- [Source records]
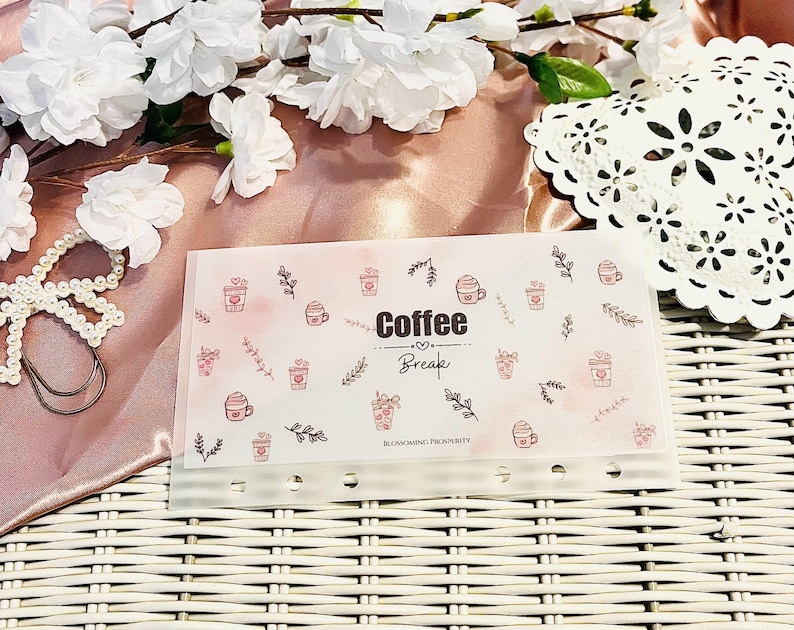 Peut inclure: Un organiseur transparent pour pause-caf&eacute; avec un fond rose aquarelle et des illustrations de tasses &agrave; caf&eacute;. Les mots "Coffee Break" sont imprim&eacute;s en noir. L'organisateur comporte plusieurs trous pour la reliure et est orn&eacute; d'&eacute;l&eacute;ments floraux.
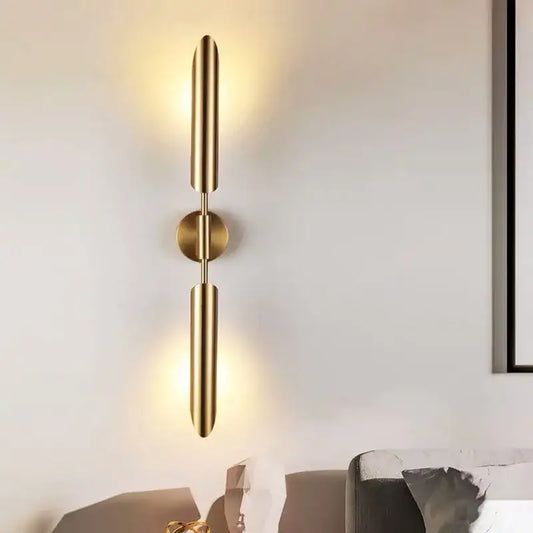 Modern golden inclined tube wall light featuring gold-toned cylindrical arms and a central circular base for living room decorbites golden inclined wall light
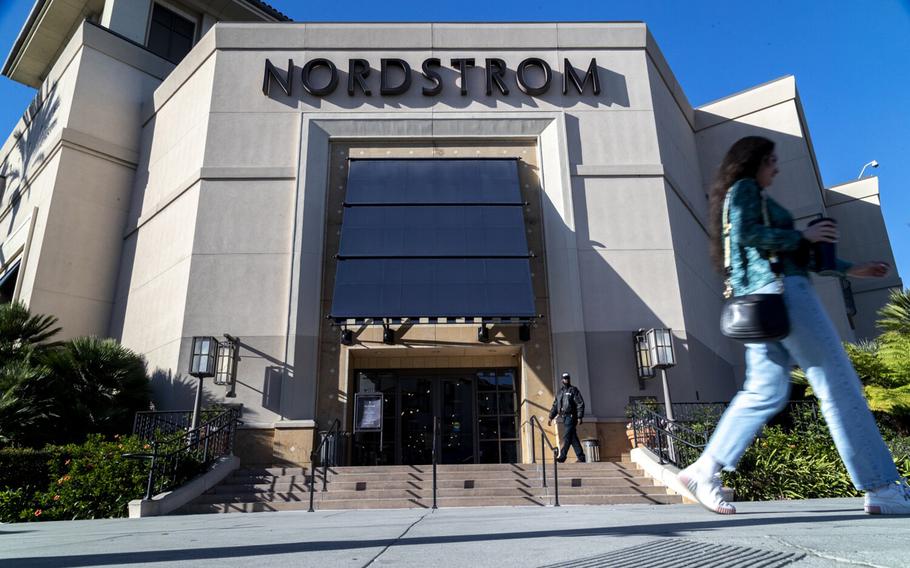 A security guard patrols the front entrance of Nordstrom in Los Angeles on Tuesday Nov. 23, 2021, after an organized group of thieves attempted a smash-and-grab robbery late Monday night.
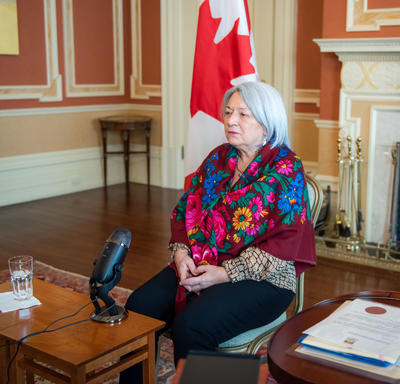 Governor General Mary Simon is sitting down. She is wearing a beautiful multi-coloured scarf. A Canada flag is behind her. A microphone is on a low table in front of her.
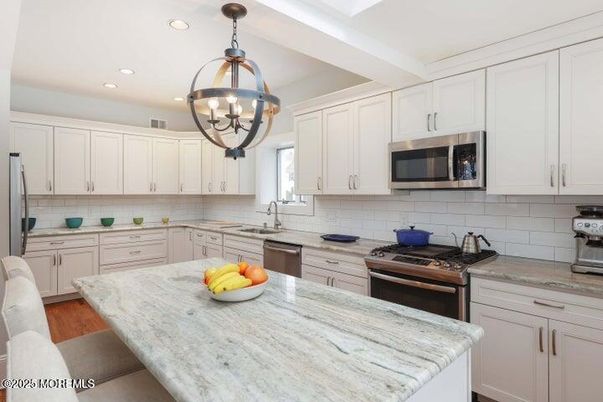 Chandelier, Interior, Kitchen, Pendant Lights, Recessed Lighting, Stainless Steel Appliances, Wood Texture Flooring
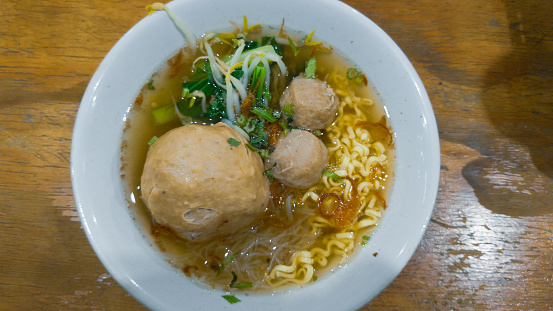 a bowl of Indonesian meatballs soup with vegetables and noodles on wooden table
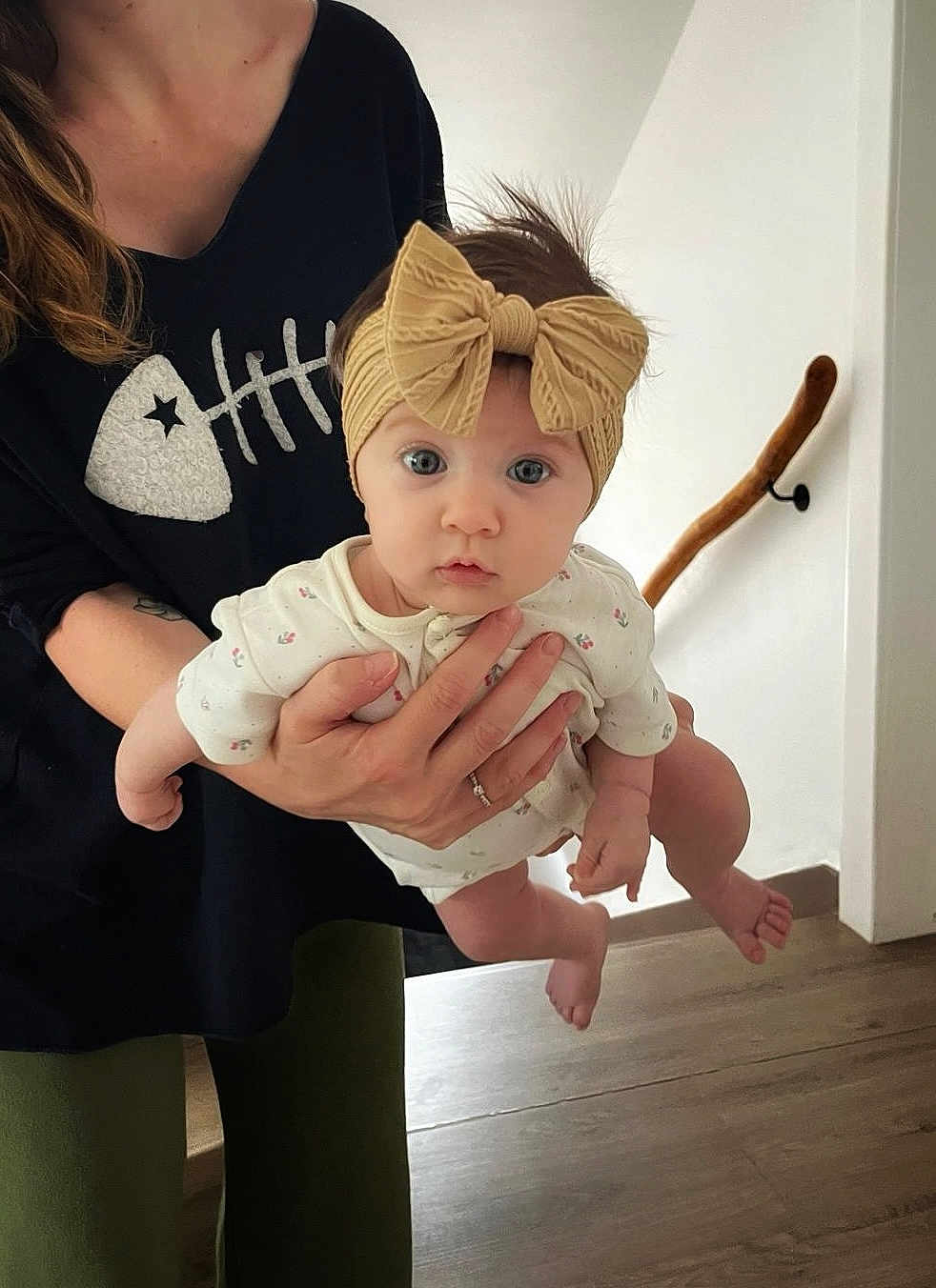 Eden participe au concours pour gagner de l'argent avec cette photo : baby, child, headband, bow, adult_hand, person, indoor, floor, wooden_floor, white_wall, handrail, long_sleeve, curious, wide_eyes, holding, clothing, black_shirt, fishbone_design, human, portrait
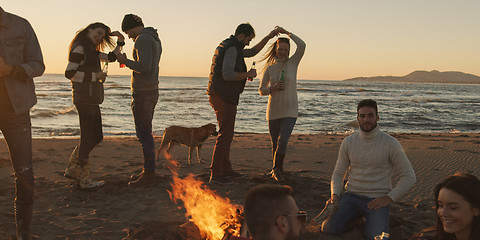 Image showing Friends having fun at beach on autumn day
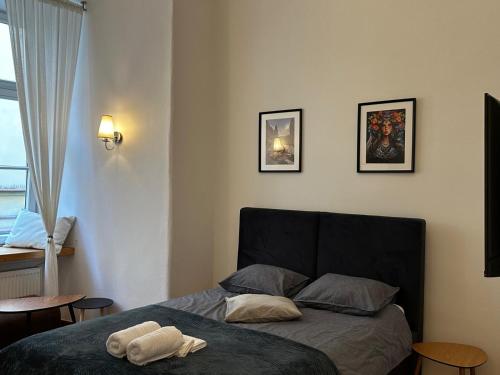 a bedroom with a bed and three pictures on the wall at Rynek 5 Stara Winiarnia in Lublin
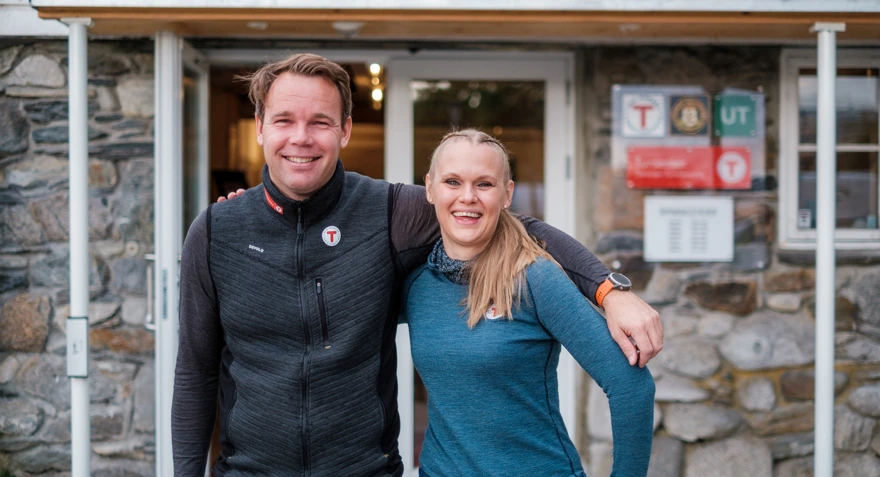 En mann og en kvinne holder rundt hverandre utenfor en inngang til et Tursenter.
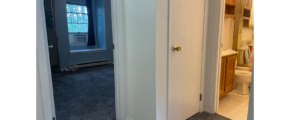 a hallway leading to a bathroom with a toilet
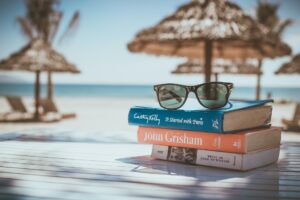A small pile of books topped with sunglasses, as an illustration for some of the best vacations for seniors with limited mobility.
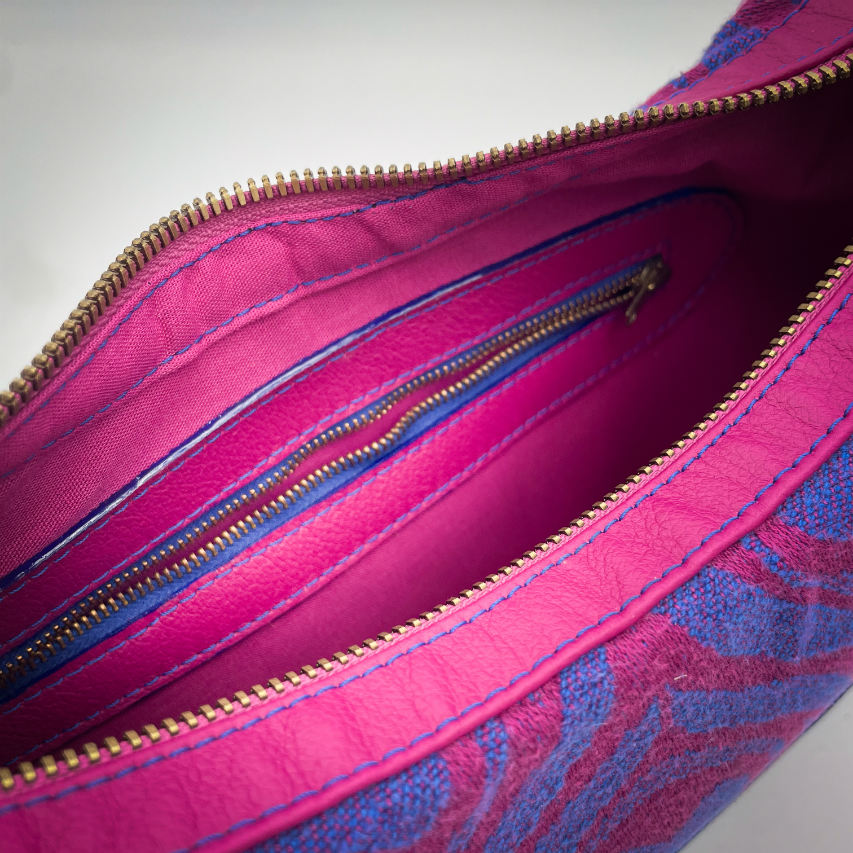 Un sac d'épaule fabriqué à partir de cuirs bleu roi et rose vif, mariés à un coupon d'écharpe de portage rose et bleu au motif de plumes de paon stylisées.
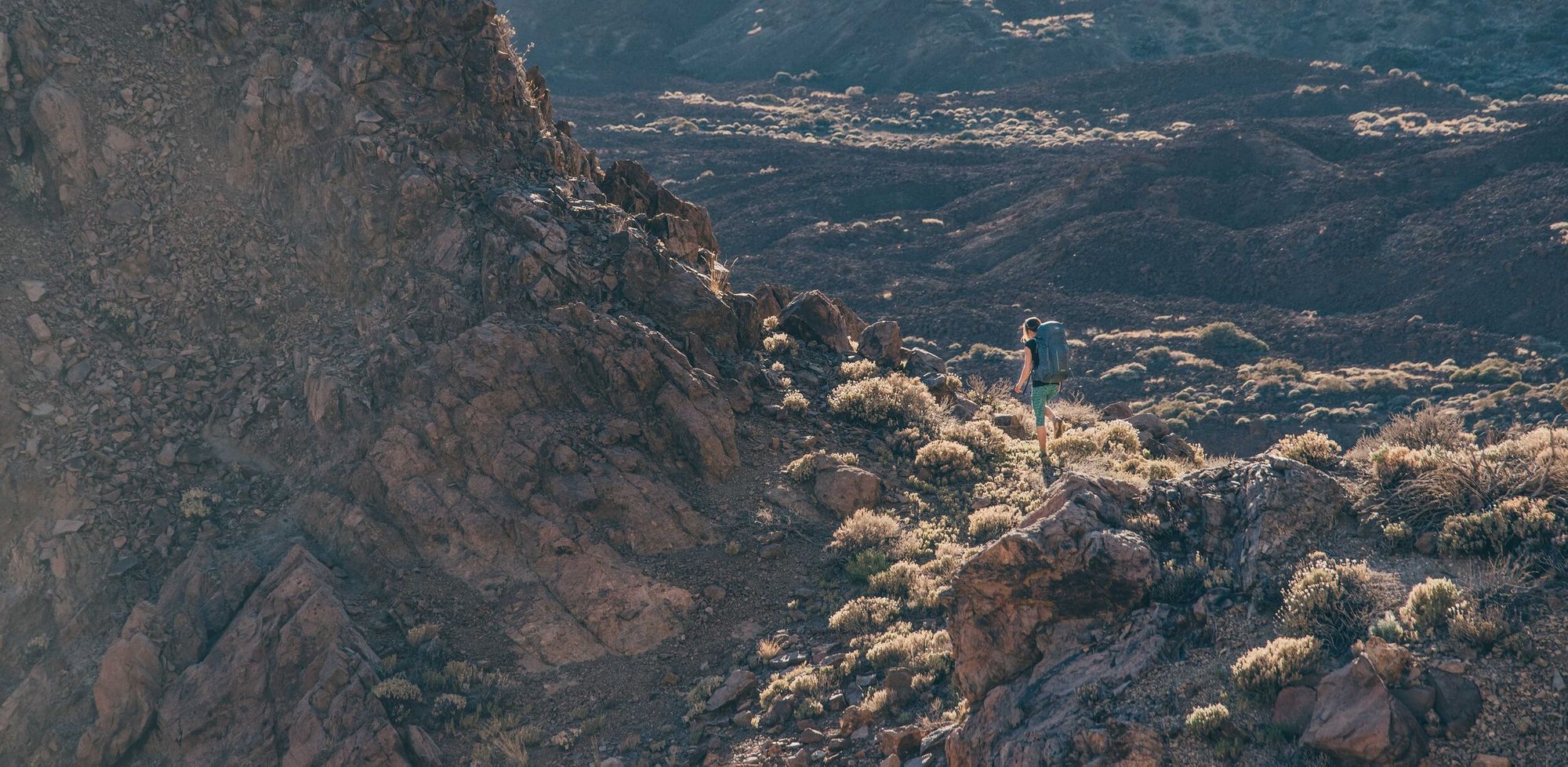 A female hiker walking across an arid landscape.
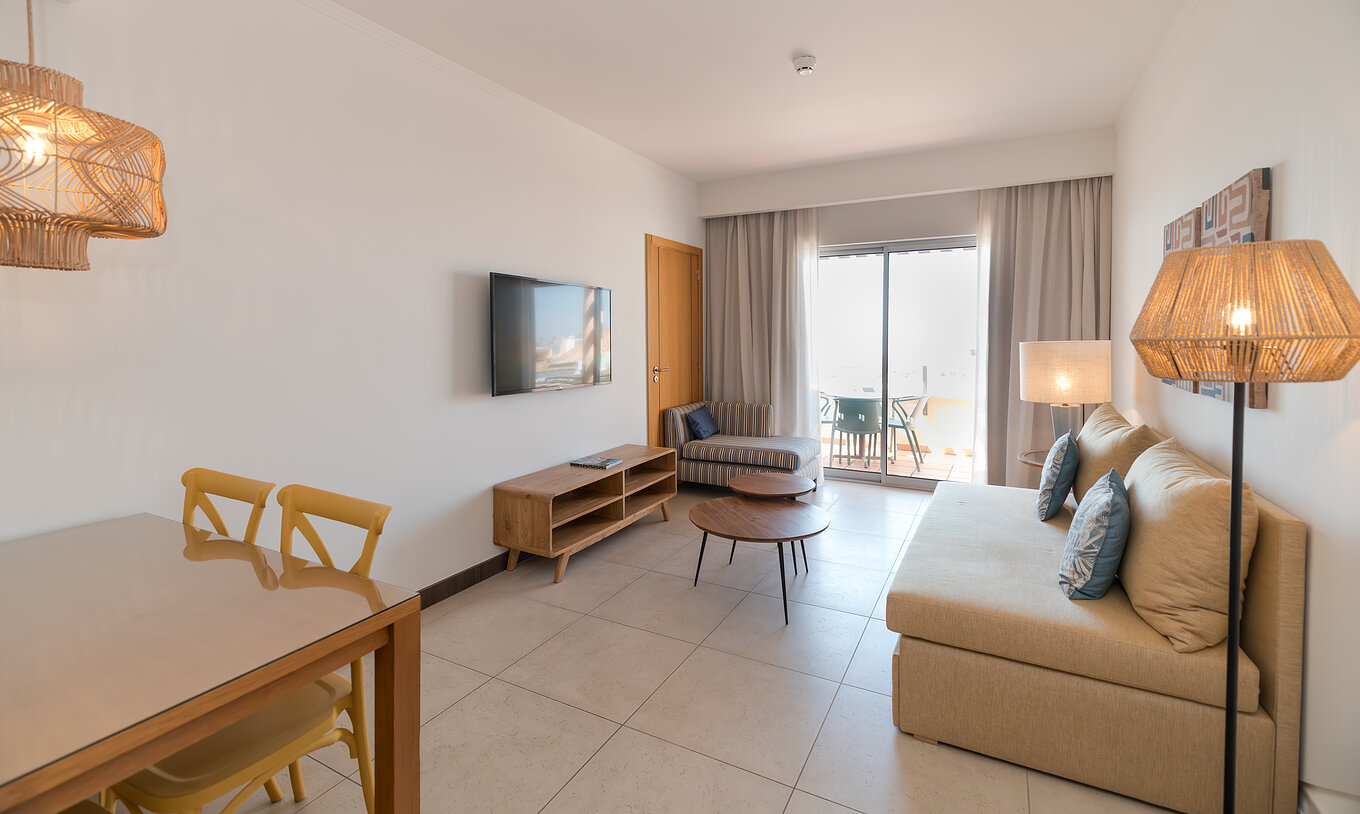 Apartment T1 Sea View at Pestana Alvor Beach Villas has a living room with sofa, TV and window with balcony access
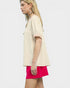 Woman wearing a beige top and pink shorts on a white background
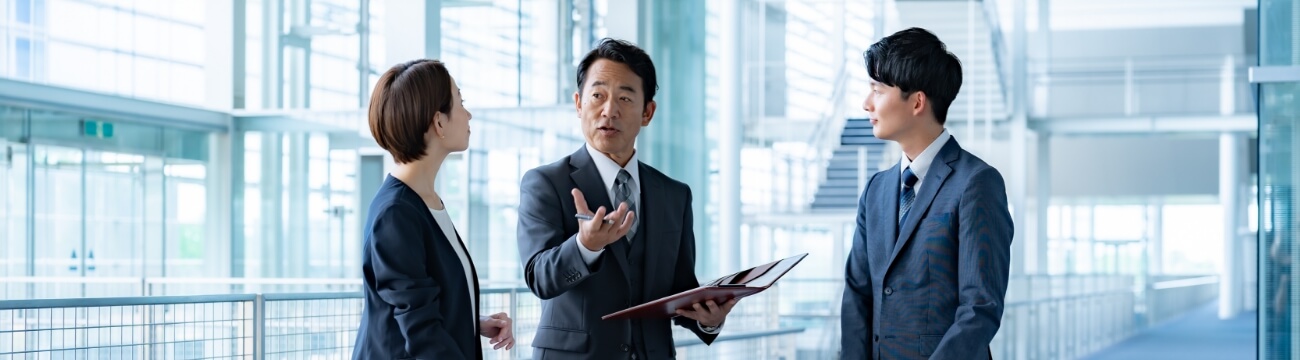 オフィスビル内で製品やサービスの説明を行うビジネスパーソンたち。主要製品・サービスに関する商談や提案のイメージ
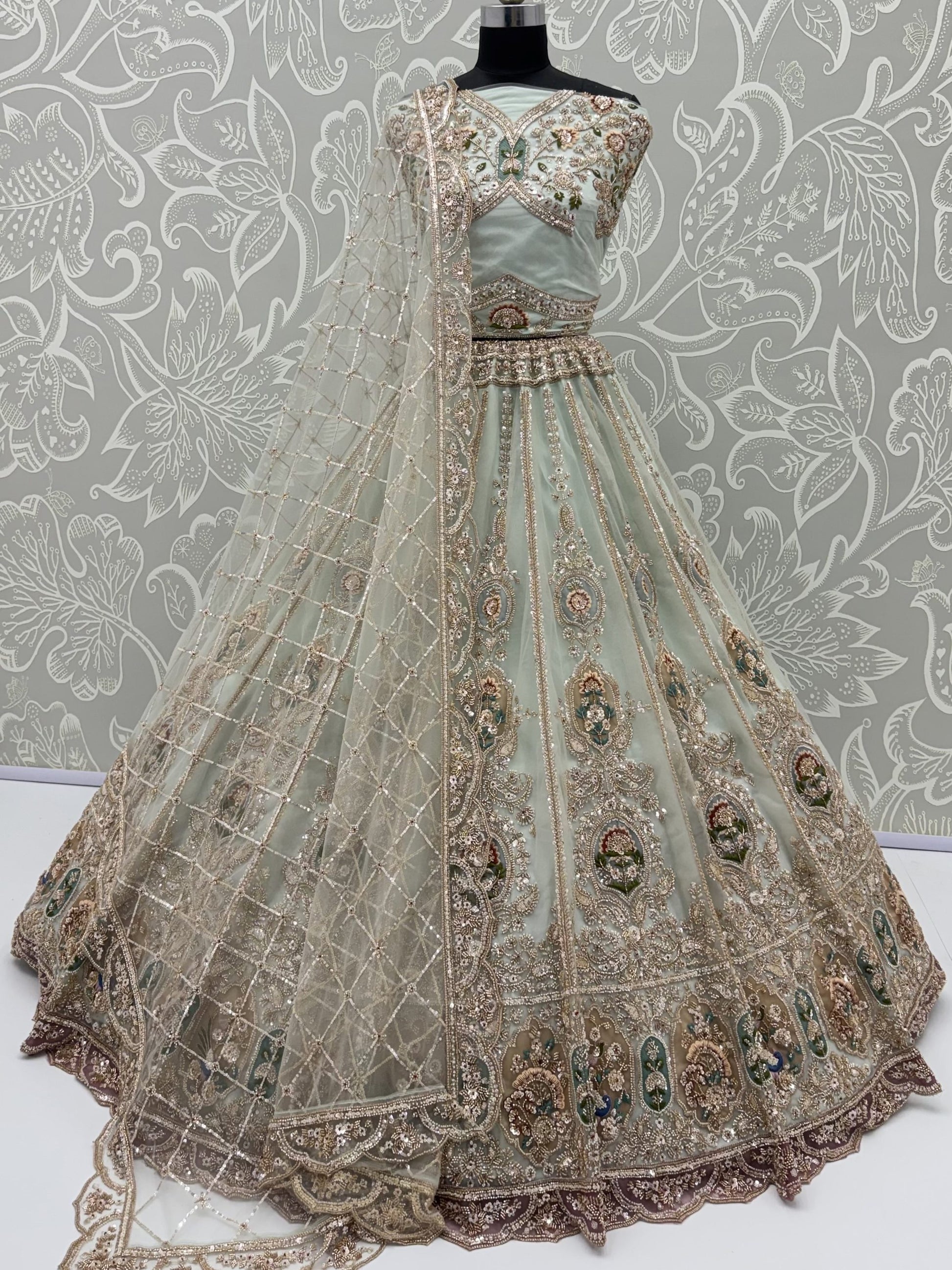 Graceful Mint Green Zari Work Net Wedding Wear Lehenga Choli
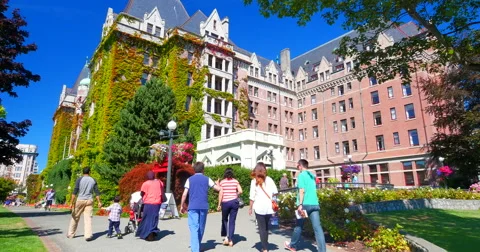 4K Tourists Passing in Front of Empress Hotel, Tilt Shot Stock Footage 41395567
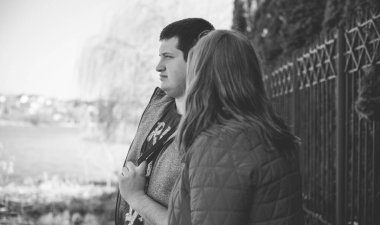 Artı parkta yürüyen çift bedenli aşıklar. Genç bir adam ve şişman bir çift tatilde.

- [Prompt] Leaving out the pictures, print each line of the records above from the first up to and including the one that contains "Chandelier, Interior, Kitchen, Pendant", exactly as written.

- [Exercise response]
 Peut inclure: Un organiseur transparent pour pause-caf&eacute; avec un fond rose aquarelle et des illustrations de tasses &agrave; caf&eacute;. Les mots "Coffee Break" sont imprim&eacute;s en noir. L'organisateur comporte plusieurs trous pour la reliure et est orn&eacute; d'&eacute;l&eacute;ments floraux.
 Modern golden inclined tube wall light featuring gold-toned cylindrical arms and a central circular base for living room decorbites golden inclined wall light
 A security guard patrols the front entrance of Nordstrom in Los Angeles on Tuesday Nov. 23, 2021, after an organized group of thieves attempted a smash-and-grab robbery late Monday night.
 Governor General Mary Simon is sitting down. She is wearing a beautiful multi-coloured scarf. A Canada flag is behind her. A microphone is on a low table in front of her.
 Chandelier, Interior, Kitchen, Pendant Lights, Recessed Lighting, Stainless Steel Appliances, Wood Texture Flooring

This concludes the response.